Source: https://hevlayer.com/docs/search-knowledge-graph
Version: 2
Generated: 2026-06-05T21:31:25.527Z
Content hash: 4260e62c2a0a88b601f4e8e3c0afc368168b80f47c95ecb6610662420ede6458

Context:
## Layer (hev layer)

Layer is a **gateway and function runtime for retrieval systems**: a Rust proxy (the *gateway*) that fronts **Turbopuffer**, plus a Kubernetes *operator*, both running in your own cluster. The gateway is wire-compatible with the Turbopuffer client API — existing clients keep working when pointed at it — and Layer documents only what it *adds* on top of upstream routes, exposing Layer-only features under `/v2/`.

### Core building blocks
- **Gateway** — transparent Turbopuffer proxy adding fetch, scans, result count, facet snapshots, a pull-through document cache, write-path stamping, query consistency, query/clickstream history, warm jobs, pipelines, and a UDF runtime.
- **Operator** — reconciles four CRDs (`Index`, `InfraRules`, `Pipeline`, `Function`). Decoupled from the gateway, which only ever *reads* CRD status.
- **Backing services** (all open source): **Aerospike** (NVMe document cache, ephemeral), **PostgreSQL** (pipeline/indexing-state queue only), **VictoriaMetrics** (metrics), **Karpenter** (node autoscaling), **KEDA** (pod autoscaling to zero). Durable state lives only in **S3** — Layer processes are stateless and elastic.

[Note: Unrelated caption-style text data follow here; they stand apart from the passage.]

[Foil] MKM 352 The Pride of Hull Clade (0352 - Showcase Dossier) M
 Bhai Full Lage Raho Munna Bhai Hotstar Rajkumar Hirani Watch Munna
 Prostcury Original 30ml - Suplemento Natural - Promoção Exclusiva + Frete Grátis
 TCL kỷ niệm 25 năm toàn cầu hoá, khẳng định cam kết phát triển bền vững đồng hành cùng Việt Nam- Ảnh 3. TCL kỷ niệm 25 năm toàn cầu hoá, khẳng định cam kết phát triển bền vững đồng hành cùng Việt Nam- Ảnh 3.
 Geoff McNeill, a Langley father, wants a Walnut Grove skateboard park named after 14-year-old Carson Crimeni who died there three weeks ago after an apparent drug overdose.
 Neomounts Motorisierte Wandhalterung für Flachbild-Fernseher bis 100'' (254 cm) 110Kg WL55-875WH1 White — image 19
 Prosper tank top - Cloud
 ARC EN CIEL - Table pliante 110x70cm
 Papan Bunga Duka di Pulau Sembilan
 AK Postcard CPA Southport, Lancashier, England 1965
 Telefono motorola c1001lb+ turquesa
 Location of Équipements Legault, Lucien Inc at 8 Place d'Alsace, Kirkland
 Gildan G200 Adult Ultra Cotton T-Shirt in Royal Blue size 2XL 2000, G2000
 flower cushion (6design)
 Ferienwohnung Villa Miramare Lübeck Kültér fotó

### Key concepts users ask about
- **Stable watermark / strong-consistent reads** — a background watcher records an epoch-ms watermark when a namespace's Turbopuffer index status is up-to-date; while updating, queries filter to fully-indexed rows so reads never see partial writes. Surfaced via `stableasof`/`isstable`.
- **Reserved `hevlayer` attributes** — server-stamped write watermark and shard key; users must not write them.
- **Pull-through cache** — Aerospike checked first; misses fall through to Turbopuffer/S3 and backfill. Cache failures are soft (never block reads); upstream failures are hard. Hit/miss reported per response.
- **Snapshots & facets** — content-addressed S3 facet histograms written when a namespace is stable.
- **Scans & result count** — filter-shaped questions: scans return IDs or counts; result count answers ranked FTS/vector match counts.
- **Pipelines vs UDFs** — pipelines stage CPU-extracted chunks and GPU-embed them (row count changes); UDFs run a stateless function per row to compute a derived attribute (row count preserved). Both scale via KEDA off queue depth, pinned to compute pools in `InfraRules`.
- **Dashboard** — read-mostly operator GUI reading the same gateway API.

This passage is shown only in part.